Beware employer responsibility to make reasonable adjustments
A disabled worker whose employer failed to provide voice recognition software to ease pain that “left her in tears” has been awarded an overall sum of £45,000 by the Employment Tribunal.
The employee suffered from carpal tunnel syndrome and arthritis and was forced to resign from her role because necessary adjustments were not made. The ET heard that she had repeatedly asked for a voice recognition service to be installed on her computer that would have reduced the amount of typing needed for her role. The software was eventually installed, but only after two years, during which the employee took multiple periods of sick leave because of the pain in her hands.
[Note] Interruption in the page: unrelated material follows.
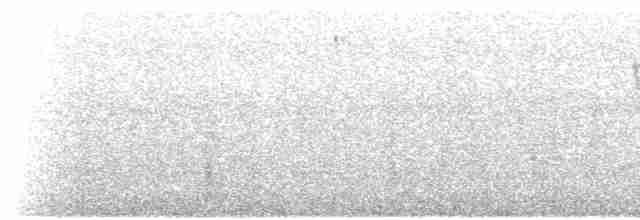 Пилоклювый колибри-отшельник - ML538084821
The Employment Judge ruled: “Given that a material and indeed very significant cause of the claimant’s resignation was her having been subjected to unlawful discrimination, not least in the prolonged failure to make reasonable adjustments, that dismissal must also be categorised as a further act of unlawful discrimination. At a return-to-work meeting following a period of protracted absence, it was clear that no steps had been taken to acquire voice recognition software and the employee began a phased return to work with regular breaks but at a grievance meeting held several months later, the employee confirmed that she felt a loss of trust in her employer due to their failure to provide the voice recognition software.
The ET ordered the employer to pay £12,421 for compensation for unfair dismissal and £14,385 loss of earnings arising out of unlawful discrimination. She was also granted £15,000 for injury to feelings arising out of unlawful discrimination, in particular the failure to make reasonable adjustments. With the addition of interest, the employee received a total award of £44,673.75.
Making reasonable adjustments is a legal duty when an employee has a disability and employers must take ownership for implementing the necessary adjustment.
20% of young workers paid less than the NMW
As many as 20% of workers aged between 18 and 30 are illegally paid less than the National Minimum Wage (NMW). A recent survey of 4000 young people has found that 20% of young women and 16% of young men claim to have been paid less than their legal entitlement.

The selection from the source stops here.